## Your task
"1630 Sundance Drive St Cloud FL 34771" appears in one line of the listing below; retype that line and every later line exactly, stopping at the end, and nothing else.

## Dataset content
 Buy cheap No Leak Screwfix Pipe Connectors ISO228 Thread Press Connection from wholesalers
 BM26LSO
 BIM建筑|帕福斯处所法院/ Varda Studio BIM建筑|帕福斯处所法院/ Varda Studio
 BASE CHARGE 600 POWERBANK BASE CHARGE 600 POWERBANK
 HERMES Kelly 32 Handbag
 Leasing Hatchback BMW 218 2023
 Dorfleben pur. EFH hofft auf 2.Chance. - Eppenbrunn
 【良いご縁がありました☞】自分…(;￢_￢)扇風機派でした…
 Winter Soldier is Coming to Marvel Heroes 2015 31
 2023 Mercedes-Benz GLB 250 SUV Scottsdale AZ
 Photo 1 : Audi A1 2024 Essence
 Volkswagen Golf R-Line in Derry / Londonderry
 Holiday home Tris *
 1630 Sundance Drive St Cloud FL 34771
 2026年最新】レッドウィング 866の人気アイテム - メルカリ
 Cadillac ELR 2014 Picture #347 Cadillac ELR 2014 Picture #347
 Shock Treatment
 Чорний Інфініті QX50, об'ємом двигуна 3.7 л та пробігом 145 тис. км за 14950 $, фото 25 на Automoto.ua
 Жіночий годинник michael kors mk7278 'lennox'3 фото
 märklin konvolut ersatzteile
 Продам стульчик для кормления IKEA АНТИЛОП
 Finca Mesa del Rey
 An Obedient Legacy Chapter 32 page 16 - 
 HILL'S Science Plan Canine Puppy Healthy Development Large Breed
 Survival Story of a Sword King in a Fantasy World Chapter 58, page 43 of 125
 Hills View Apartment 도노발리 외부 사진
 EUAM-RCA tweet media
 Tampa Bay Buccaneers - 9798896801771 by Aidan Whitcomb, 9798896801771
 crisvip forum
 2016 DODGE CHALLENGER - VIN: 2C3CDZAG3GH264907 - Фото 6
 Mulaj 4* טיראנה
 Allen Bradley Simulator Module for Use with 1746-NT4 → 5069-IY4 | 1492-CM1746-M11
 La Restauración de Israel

## Task output
 1630 Sundance Drive St Cloud FL 34771
 2026年最新】レッドウィング 866の人気アイテム - メルカリ
 Cadillac ELR 2014 Picture #347 Cadillac ELR 2014 Picture #347
 Shock Treatment
 Чорний Інфініті QX50, об'ємом двигуна 3.7 л та пробігом 145 тис. км за 14950 $, фото 25 на Automoto.ua
 Жіночий годинник michael kors mk7278 'lennox'3 фото
 märklin konvolut ersatzteile
 Продам стульчик для кормления IKEA АНТИЛОП
 Finca Mesa del Rey
 An Obedient Legacy Chapter 32 page 16 - 
 HILL'S Science Plan Canine Puppy Healthy Development Large Breed
 Survival Story of a Sword King in a Fantasy World Chapter 58, page 43 of 125
 Hills View Apartment 도노발리 외부 사진
 EUAM-RCA tweet media
 Tampa Bay Buccaneers - 9798896801771 by Aidan Whitcomb, 9798896801771
 crisvip forum
 2016 DODGE CHALLENGER - VIN: 2C3CDZAG3GH264907 - Фото 6
 Mulaj 4* טיראנה
 Allen Bradley Simulator Module for Use with 1746-NT4 → 5069-IY4 | 1492-CM1746-M11
 La Restauración de Israel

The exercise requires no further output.